▸ **Task objective**
Give back all of the data exactly as it stands, with the pictures removed.

*** Source data ***

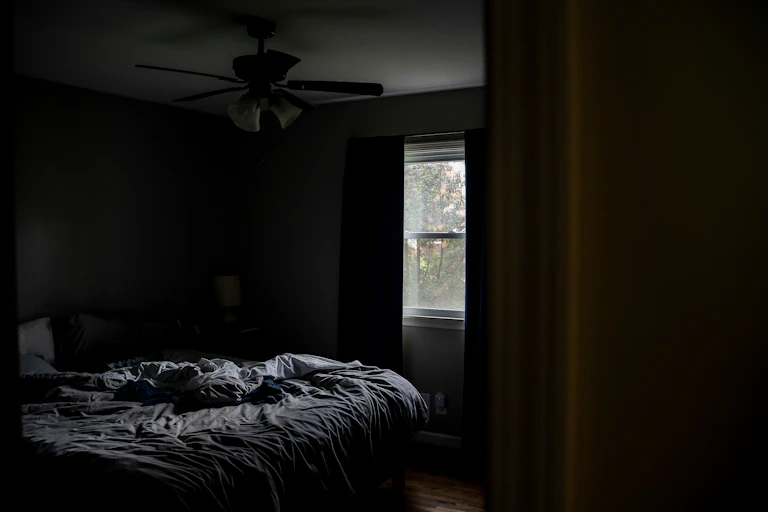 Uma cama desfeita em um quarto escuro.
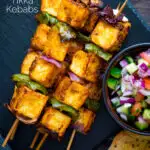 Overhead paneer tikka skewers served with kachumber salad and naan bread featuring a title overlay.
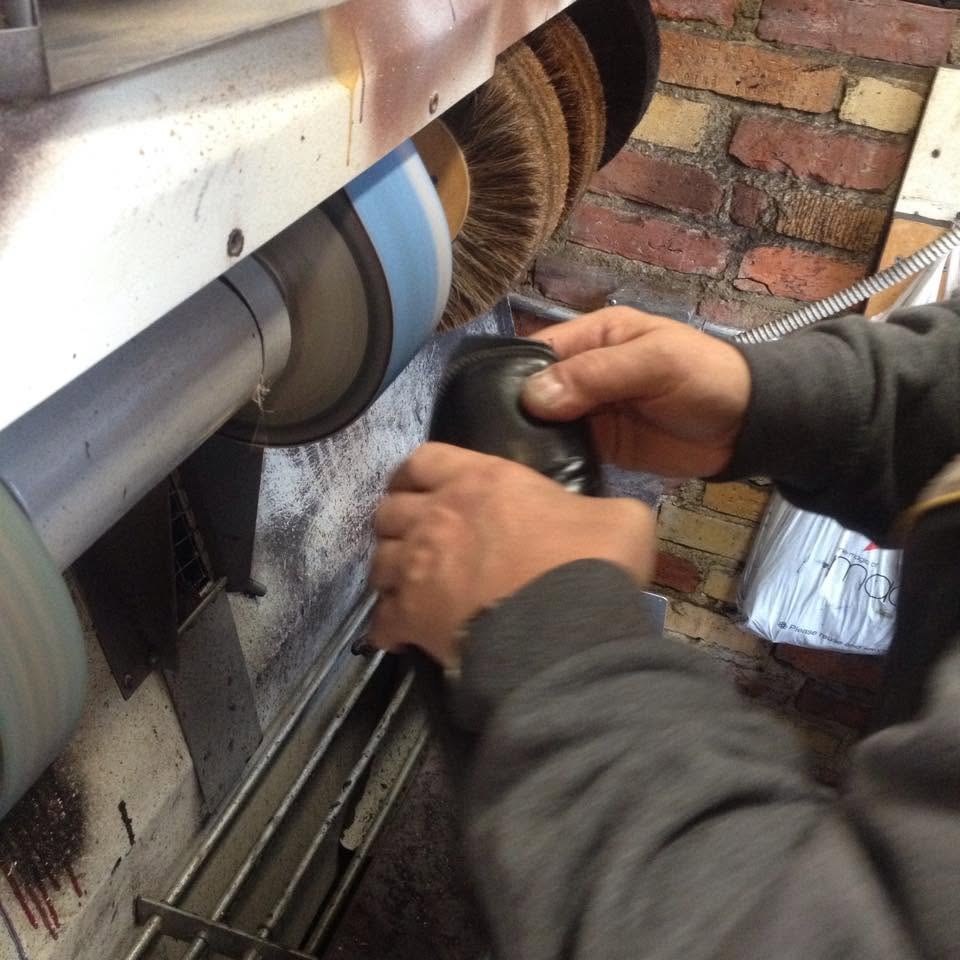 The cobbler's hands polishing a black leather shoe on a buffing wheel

*** End of Source data ***

▸ **Written reply**
 Uma cama desfeita em um quarto escuro.
 Overhead paneer tikka skewers served with kachumber salad and naan bread featuring a title overlay.
 The cobbler's hands polishing a black leather shoe on a buffing wheel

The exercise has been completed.